I should say, for the record, that Goldman Sachs neither confirmed nor denied that they issued any directive to its Japan-based employees. But if the company did tell nervous employees to stay put, it probably made a bad call.
I understand the need for business continuity, and investor confidence in the Asian markets is understandably shaky right now. But being known as the company that put the bottom line before employee safety is never a good thing for a corporate image. In fact, making employee well-being a priority is an investment that will pay dividends in the long run.

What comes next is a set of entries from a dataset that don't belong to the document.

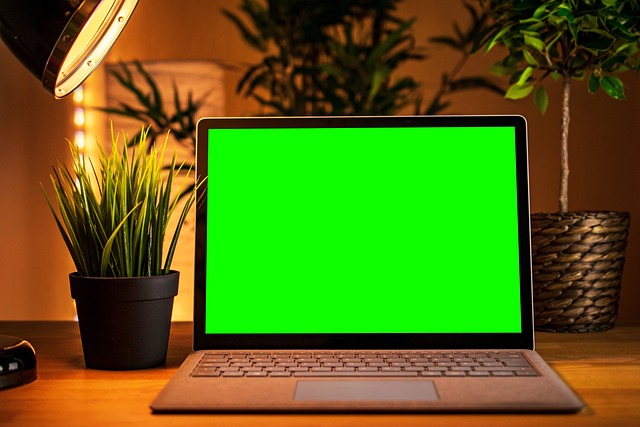 DIY Screen Replacement (Cost-Effective but Risky)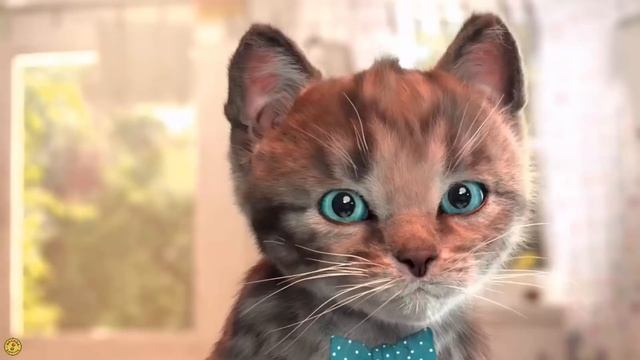 Fun Pet Care Game - Little Kitten Adventures - Play Costume Dress-Up Party Mini Games For Children смотреть онлайн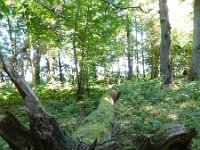 LV, Ventspils novads, Moricsala nature reserve 2, Saxifraga-National Botanical Garden of Latvia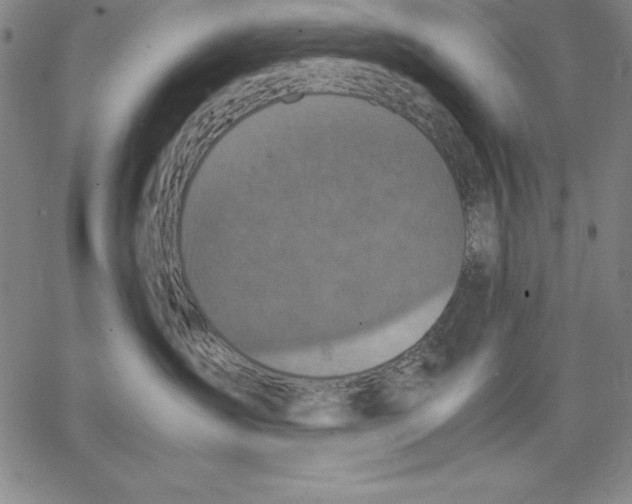 X0000066520431200604071556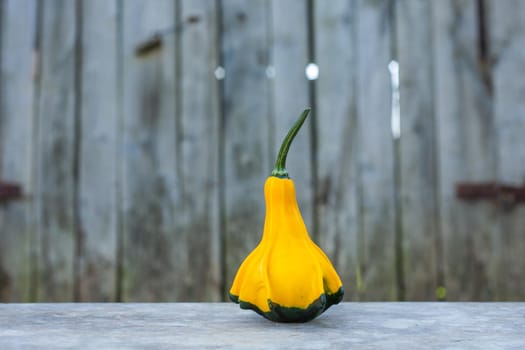 Yellow-green zucchini. Close up, with a gray rustic background. Autumn motif.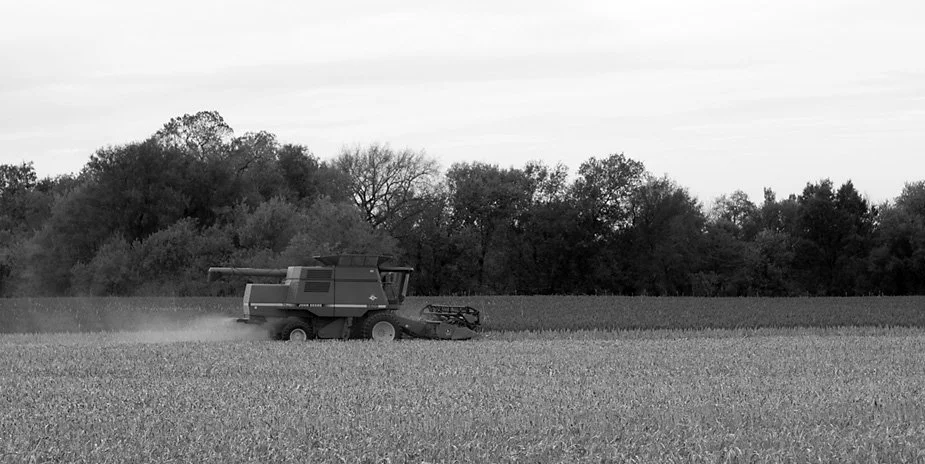 Harvesting (Oct 2019)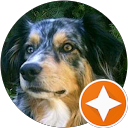 kevotheclone profile picture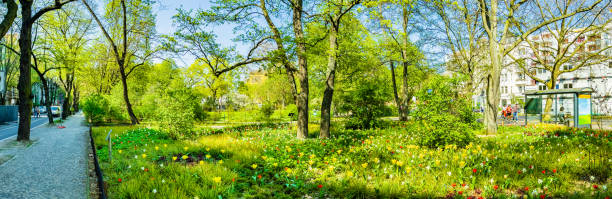 A sunny day in the park. The park is lush and green, with blooming flowers of all colors. The blue sky is a perfect backdrop. There are no people in the park, giving it a sense of peace and tranquility.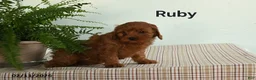 Cavapoo dogs for sale: Ruby - Ad 1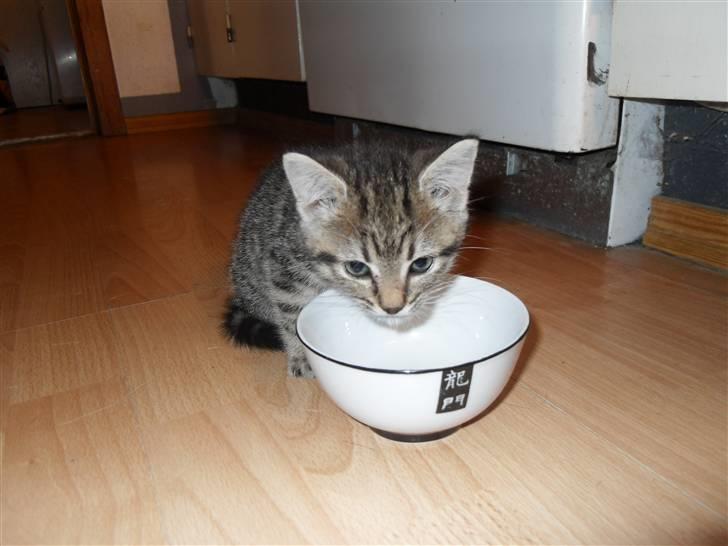 Huskat Mis billede 4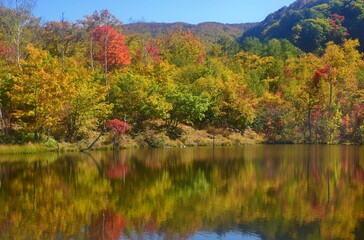 のりくら高原の秋景色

There are more than just PR problems, though. Executives who knowingly put employees in harm’s way may face legal consequences, both under American and some foreign countries’ laws. Granted, it may be years before the effects of the current radiation exposure in Japan is known, but companies with the wherewithal and ability to protect their employees will want to be on record as having done so—even if they take a financial hit in the short-term.
Companies move employees and their families out of harm’s way all the time, whether the harm is brought about by civil unrest (as in Egypt and Libya), natural disasters, or a combination natural and man-made disaster (as we have in Japan).
It’s expensive, a logistical nightmare, and a lot of work for all involved. But it’s a worthwhile investment in good corporate citizenship.